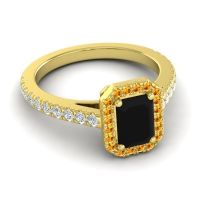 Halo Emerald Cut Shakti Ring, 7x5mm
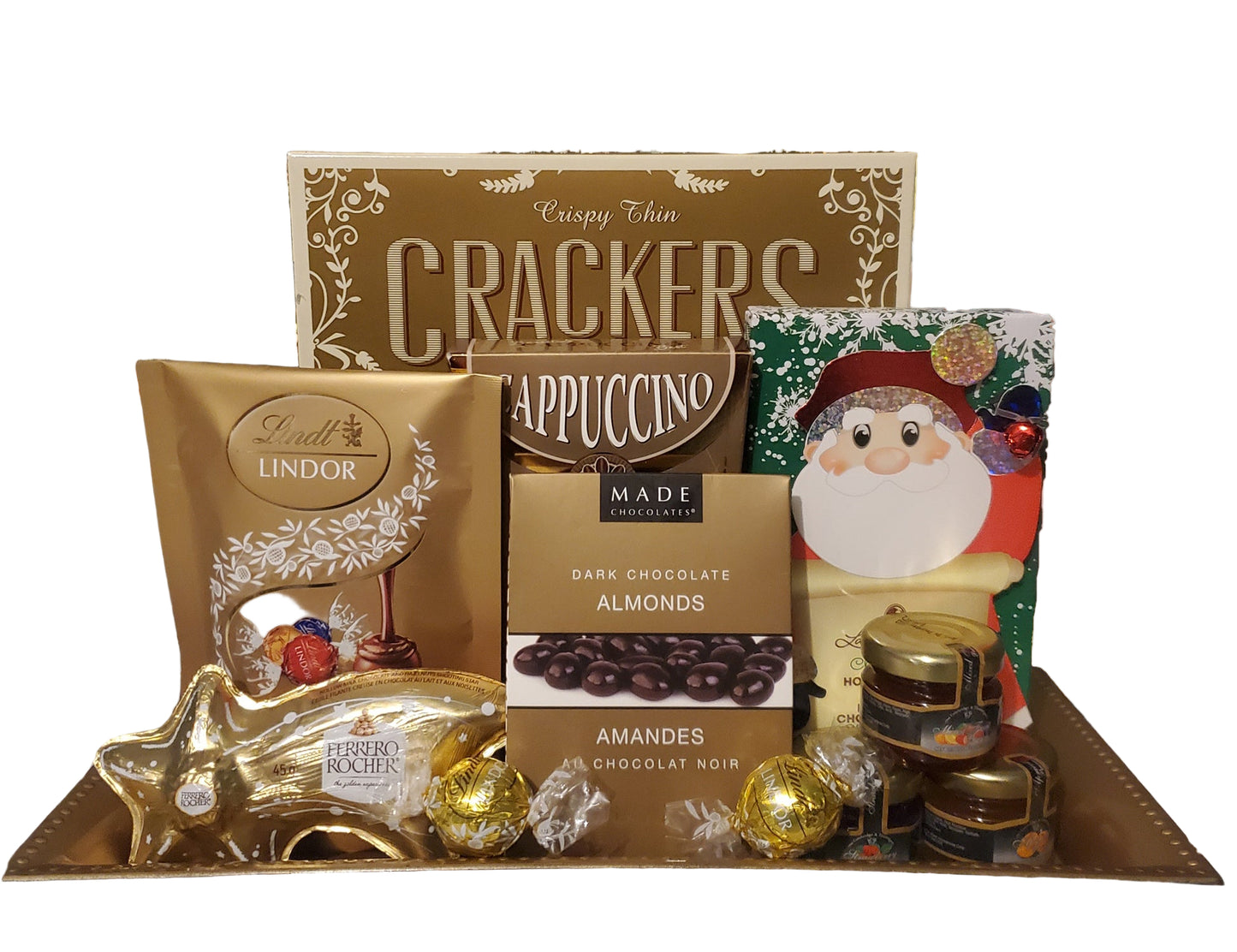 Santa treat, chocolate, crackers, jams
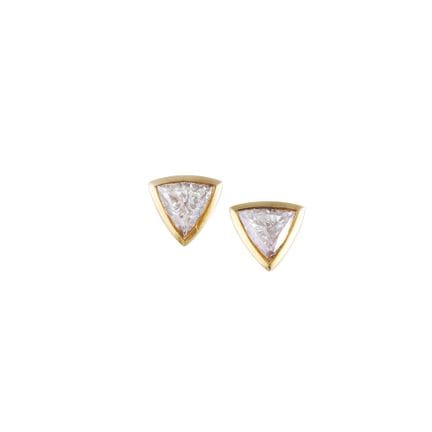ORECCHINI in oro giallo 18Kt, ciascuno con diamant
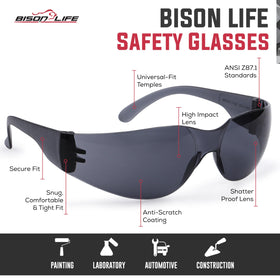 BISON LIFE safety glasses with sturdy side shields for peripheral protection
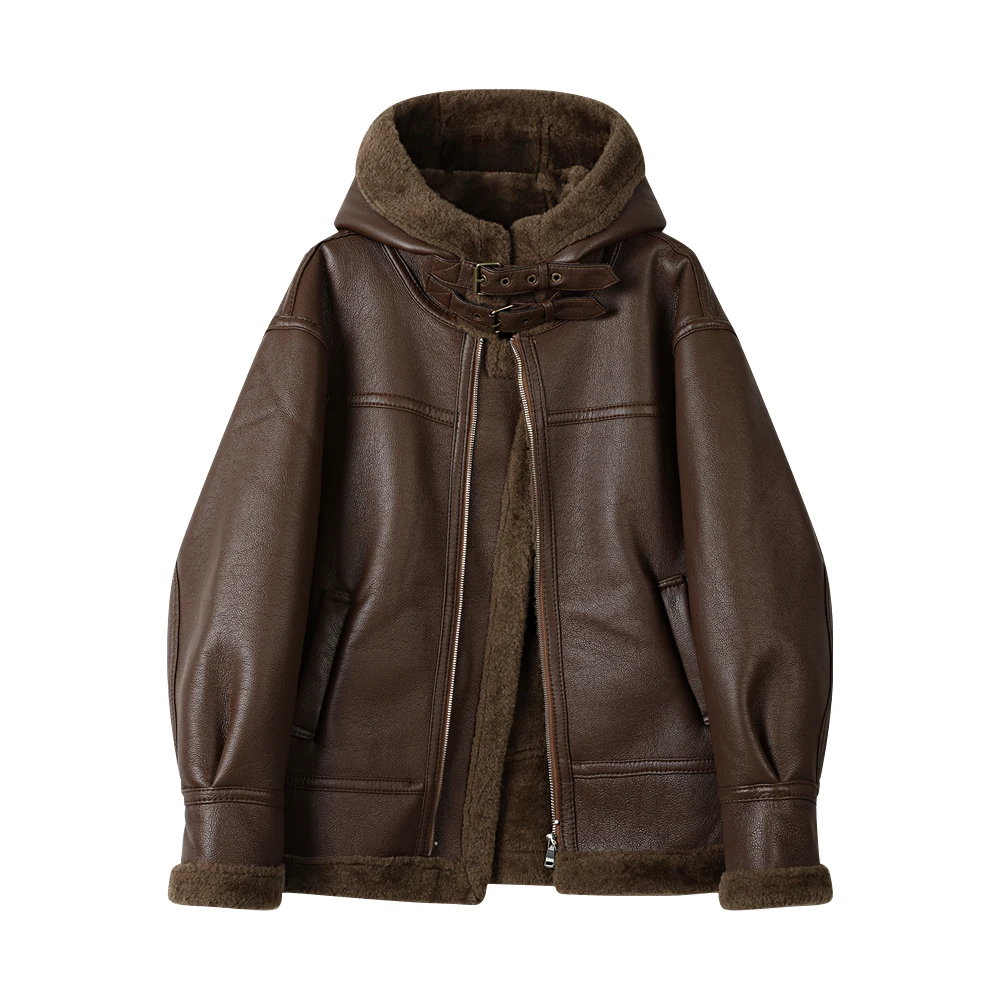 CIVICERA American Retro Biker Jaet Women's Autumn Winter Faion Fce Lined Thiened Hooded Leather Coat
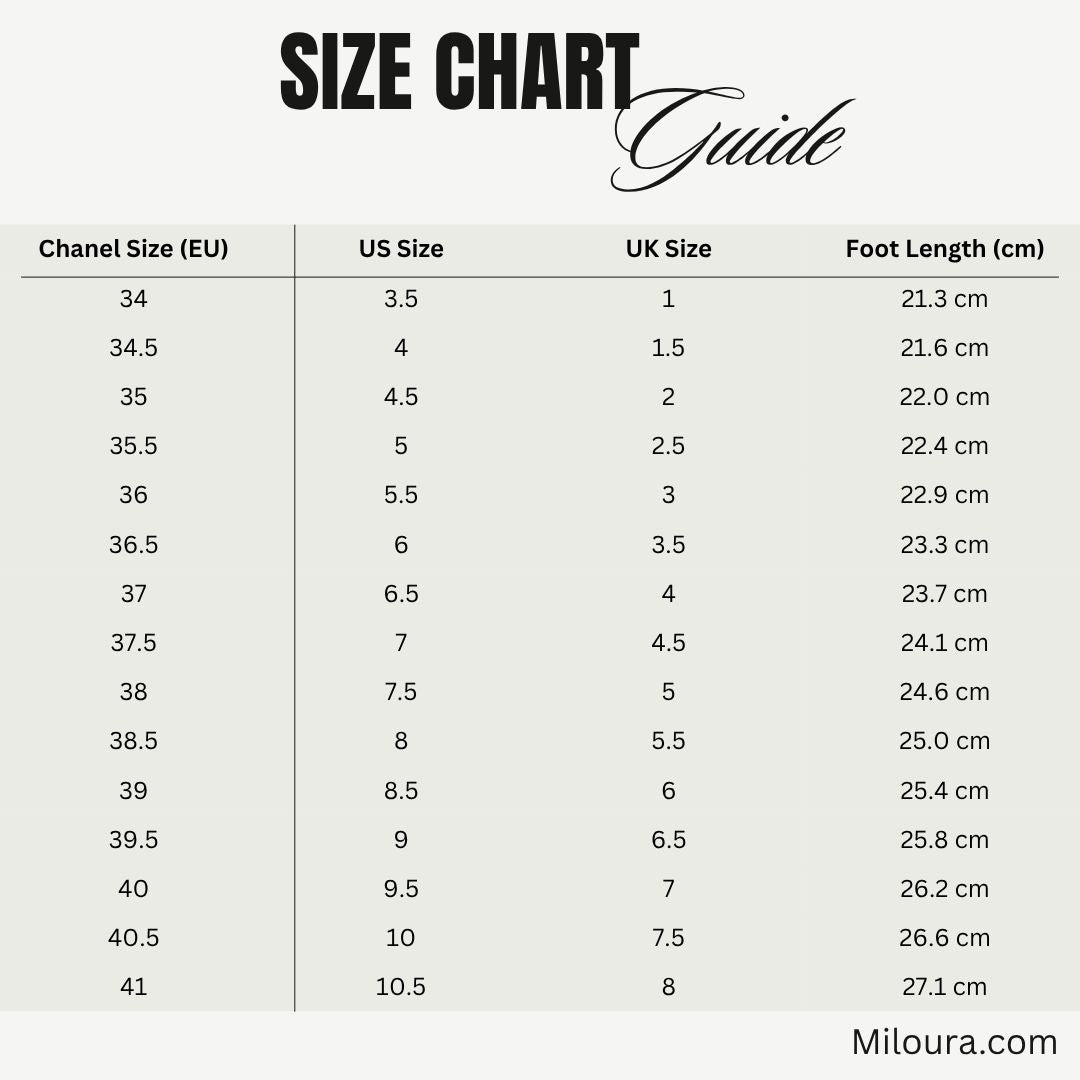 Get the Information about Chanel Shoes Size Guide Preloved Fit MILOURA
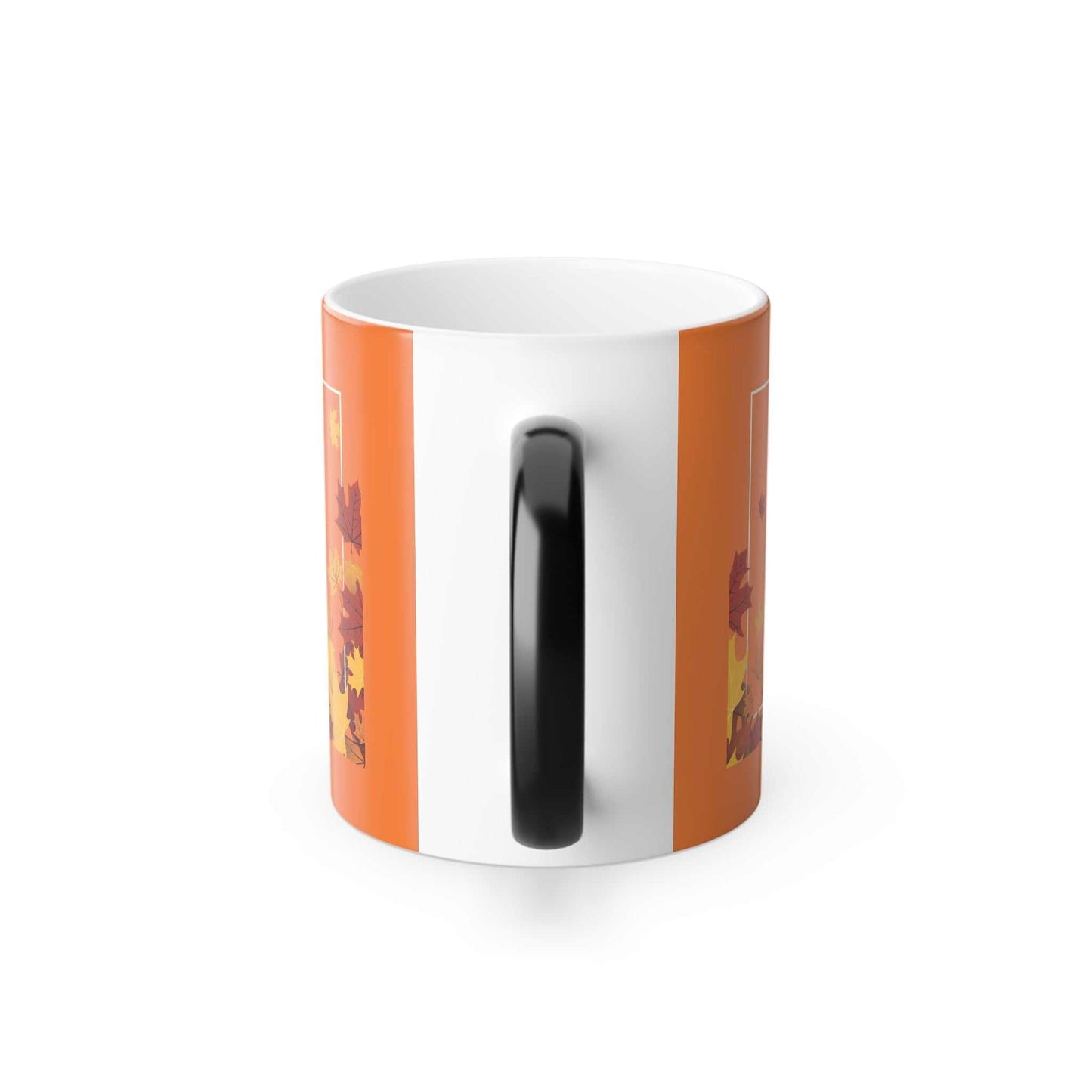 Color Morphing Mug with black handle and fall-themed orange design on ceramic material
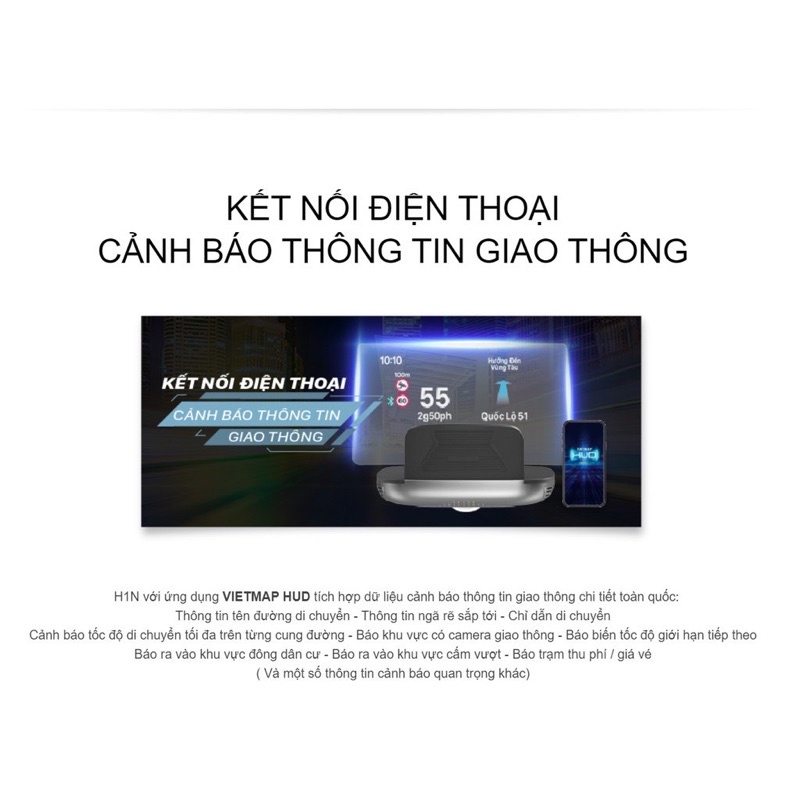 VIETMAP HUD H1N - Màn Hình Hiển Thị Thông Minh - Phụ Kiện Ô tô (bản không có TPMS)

+++

• [Work request]
Write out exactly the lines from the line holding "Color Morphing Mug" through the last line of the records above, inclusive, and nothing more. Leave out the pictures.

• [Written reply]
 Color Morphing Mug with black handle and fall-themed orange design on ceramic material
 VIETMAP HUD H1N - Màn Hình Hiển Thị Thông Minh - Phụ Kiện Ô tô (bản không có TPMS)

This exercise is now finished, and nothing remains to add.